There should be no attempts to delist Virunga as a world heritage site or a national park, nor should any further company be awarded exploration rights in Virunga. We continue to urge the DRC Government to respect the international conventions to which it is a signatory. We are aware of the allegations, which my hon. Friend has repeated today, of wrongdoing against SOCO corporately, its employees and the agents connected to its activities in Virunga. Some of those allegations were listed in the documentary film “Virunga”.

The Serious Fraud Office is aware of the allegations. I am sure the House will understand that it is important that the decision on whether to prosecute in any case is made by the prosecutorial authorities and not by politicians. We expect all companies either operating or registered in the United Kingdom to act appropriately and in compliance with the law. We encourage anyone with evidence of serious fraud, bribery or corruption to contact the SFO. The Government have explained to some of the Virunga campaign groups how exactly they should go about supplying securely any evidence they have to the SFO for it to investigate.

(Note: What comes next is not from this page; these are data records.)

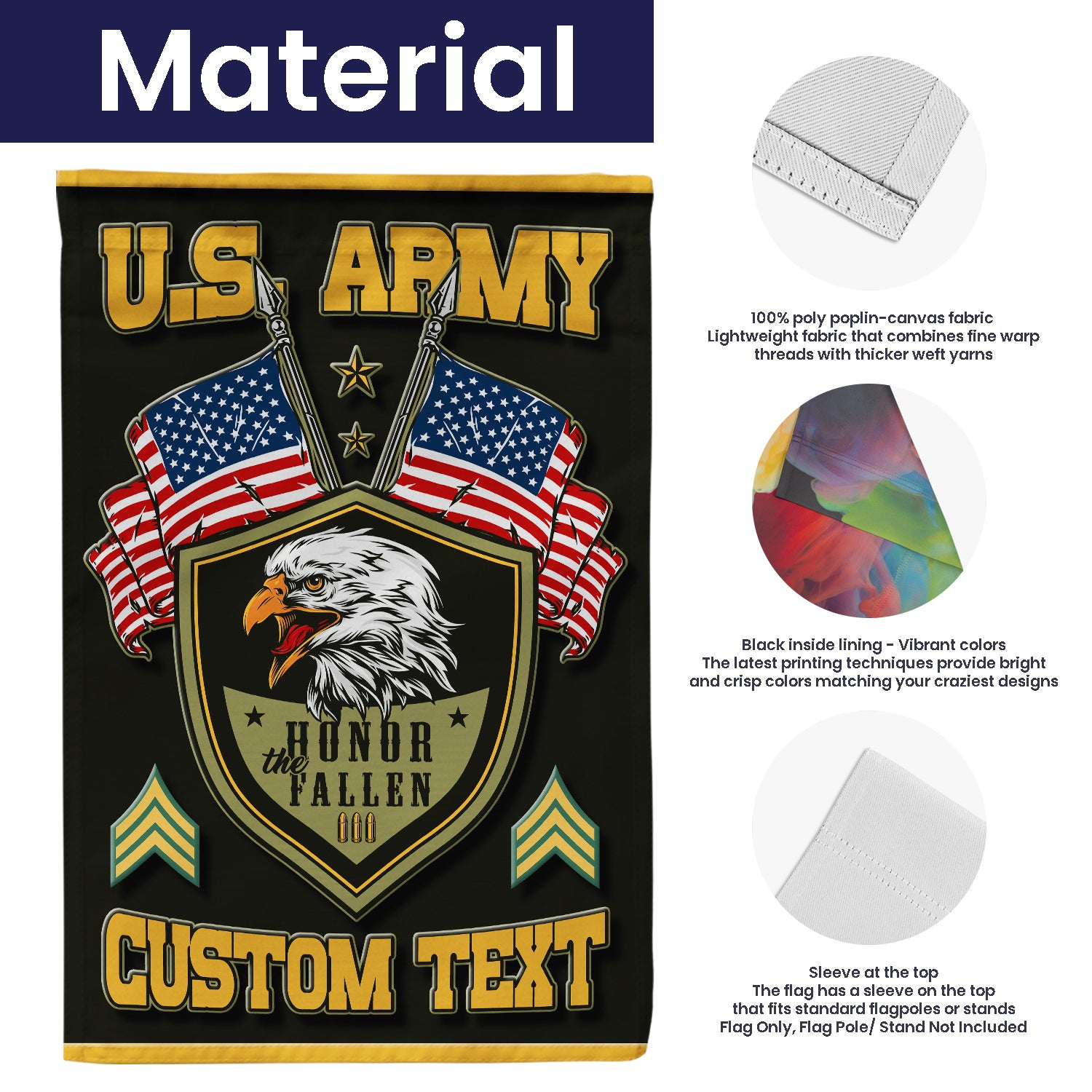 Personalized US Military Logo/Insignia And Text JFLAG41 Garden Flag, House Flag Twin-Side Printing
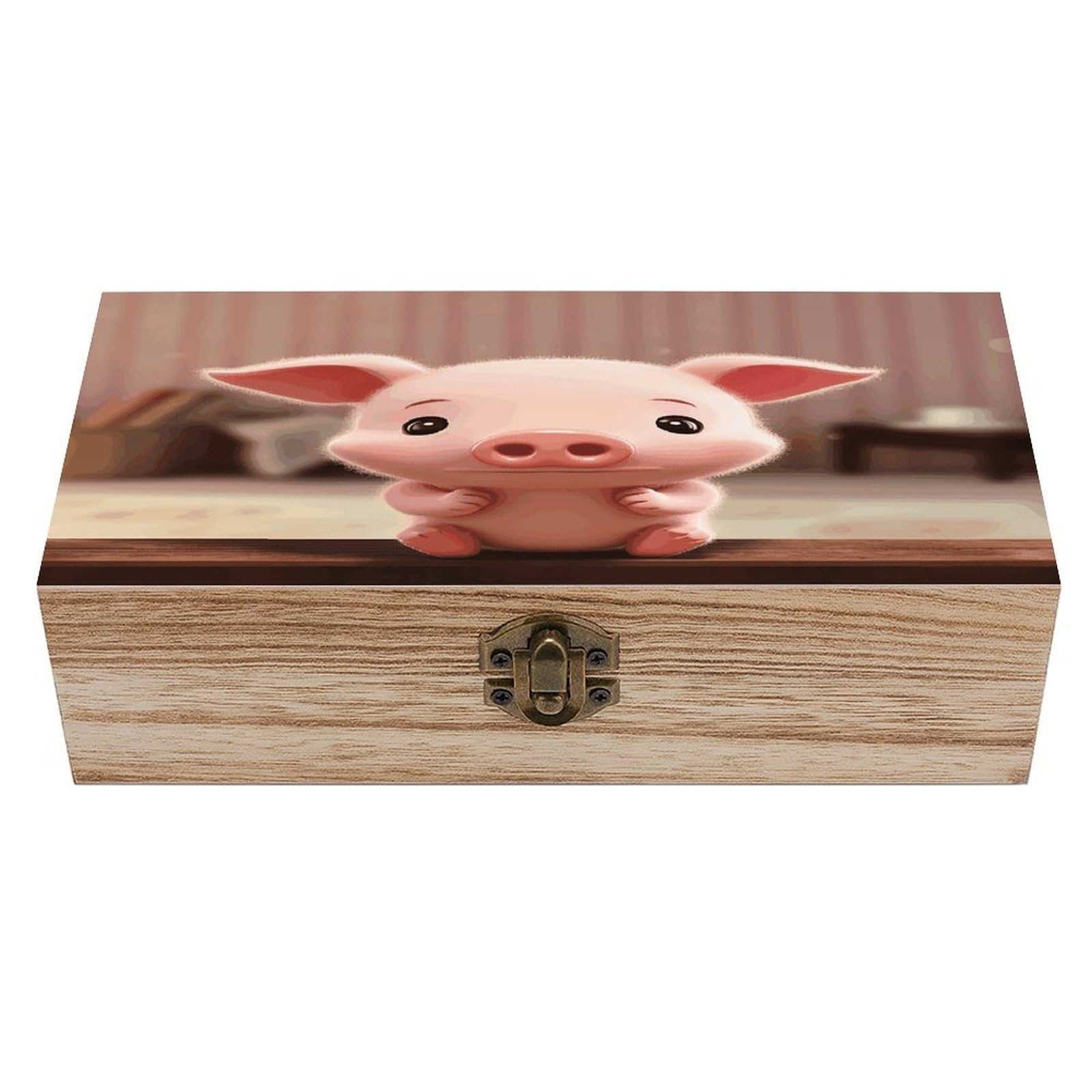 asbwuo Cute Pig Wood Keepsake Box Wooden Box with Hinged Lid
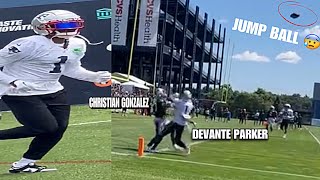 Rookie Christian Gonzalez gets WELCOMED to the NFL by Devante Parker  Patriots Training Camp 😰 [upl. by Cynthea]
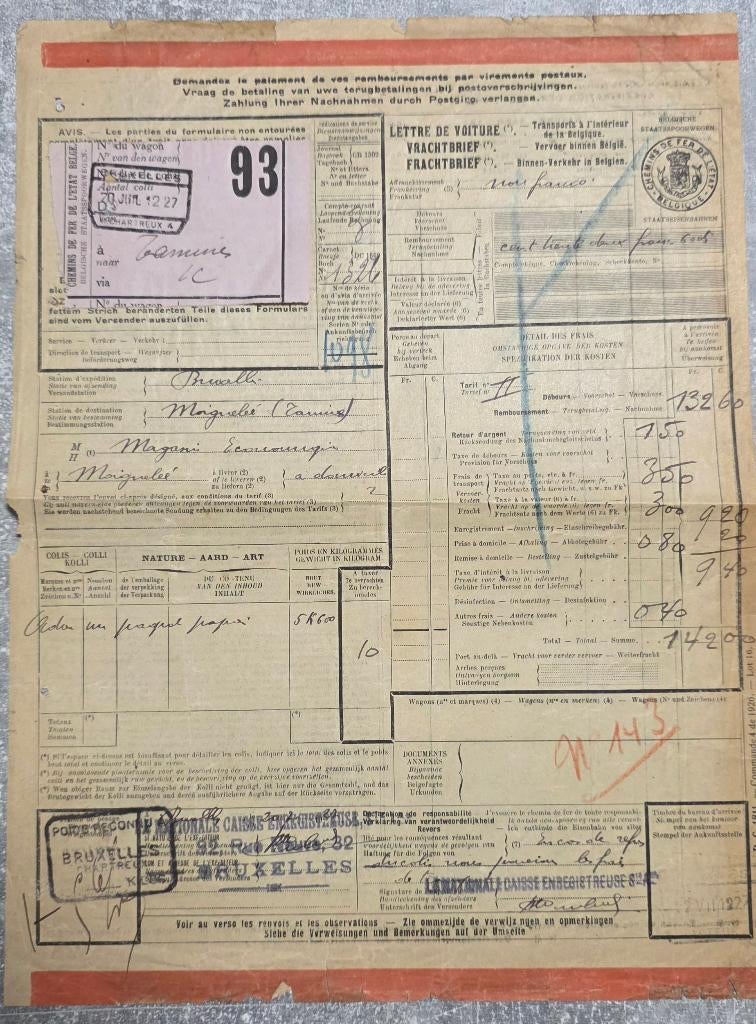 1927+Marcophilie+Bruxelles Chartreux+Moignelée+Tamines, Timbres & Monnaies, Timbres | Europe | Belgique, Affranchi, Autre, Trains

My hon. Friend asked about the UK’s broader approach to combating corruption and the implementation of the Bribery Act 2010. The Government published the United Kingdom’s anti-corruption plan in December last year. It sets out how the Government are doing more across Whitehall’s areas of responsibility to increase transparency, tackle money laundering and ensure that the UK is at the forefront of efforts to raise international standards. The plan sets out a range of measures that we are taking to tackle corruption around the world. Priorities include identifying illicit financial flows; the return of stolen assets; efforts to raise global standards for all, including our international development programmes; and the promotion of sustainable growth, which includes work to stop bribery.

We are committed to going further by leading the way on the international stage, as was done at the 2013 Enniskillen G8 summit, and by impressing on the international community the benefits of measures, such as publicly accessible registers of company beneficial ownership, in the fight against illicit financial flows. The purpose of embodying that in an anti-corruption plan is precisely to enable more effective and more transparent collaboration across Government to try to break out of a silo mentality, to ensure that the efforts of all Departments and agencies are directed effectively to securing our objectives.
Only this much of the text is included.